The Olathe convention—the annual state GOP gathering rotates among the four congressional
districts—drew hundreds from border to border and some who were obviously worried they
might not make it home in time to watch the Super Bowl.

But the key is electing Republicans for this crowd. It’s that simple.

Everyone is after those women voters, whom Republicans have lost to Democrats in the 3rd
District especially, but across the state. And that focus is on finding the issue or two which will
have those women stop off to vote a Republican ticket after dropping the kids at school.

That District 3? The prosperous, high-density Kansas Johnson/Wyandotte and a dab of Miami
counties is now held by Native American/openly LGBT Democrat U.S. Rep. Sharice Davids, D-
Kan., who beat white male four-term Rep. Kevin Yoder, R-Kan., in 2018 by 8 percent, or 46,000
votes.

Do Republicans go with former Kansas Republican Party Chair Amanda Adkins, who is on leave
from Cerner Corp., or former Roeland Park Mayor Adrienne Foster, whose grandparents
migrated – legally, she notes – from Mexico, or less politically involved former President/CEO
of the National Down Syndrome Society Sara Hart Weir?

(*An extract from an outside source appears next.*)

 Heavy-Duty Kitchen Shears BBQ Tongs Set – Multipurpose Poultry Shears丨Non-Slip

It’s a race among women in a district that has elected Republican women in the recent past, Jan
Meyers from 1985-1997, then a male Democrat, Dennis Moore, from 1999-2011.

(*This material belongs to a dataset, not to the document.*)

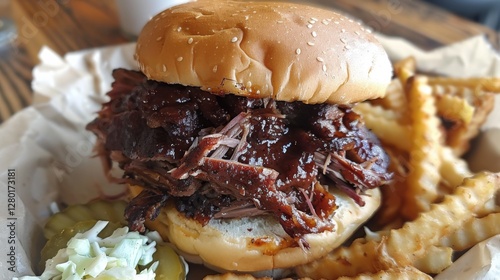 A delicious pulled pork sandwich topped with BBQ sauce and crunchy pickles is served alongside crinkle fries on a wooden table, indicating a casual and inviting lunchtime atmosphere.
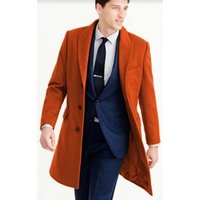 Men's Wool Car Coat Rust Topcoat — Winter Jacket Men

But is race an issue here? Foster says she can bring thousands of Mexican-American votes to the
GOP, especially from Wyandotte County, to turn the seat back to Republican.

It’s a race to watch for the GOP nomination, and it’s also a monitor of whether GOP voters are
willing to step outside the traditional voter bloc to win back a House seat.


Also at the convention, it was nearly all anti-abortion from the lips of candidates for their party’s
nomination—support for that proposed constitutional amendment that if voted out of the Kansas
House this week will put that measure on the same ballot as those primary election candidates.

Is anti-abortion the key here? Are those suburban women the GOP is scrambling to collect
willing on the same ballot to reject their constitutional right to make their own decision on
abortion that the Kansas Supreme Court has proclaimed belongs to them and them alone, and
elect candidates who want to limit that decision?

It’s the female vote that Republicans are after in most districts, and while there are many general
conservative government issues that those GOP primary candidates are going to be to hawking to
men and women, the vote on that proposed constitutional amendment to strike the right
guaranteed to women by that “non-elected court” and handing it to elected legislators is going to
be decisive in many districts.

That citizen right through the “power of the vote” to elect anti-abortion or abortion-rights
lawmakers who can make laws to restrict or even prohibit abortion is surely one of the keys to
many of those suburban mom Republican votes, which may define the GOP primary winners.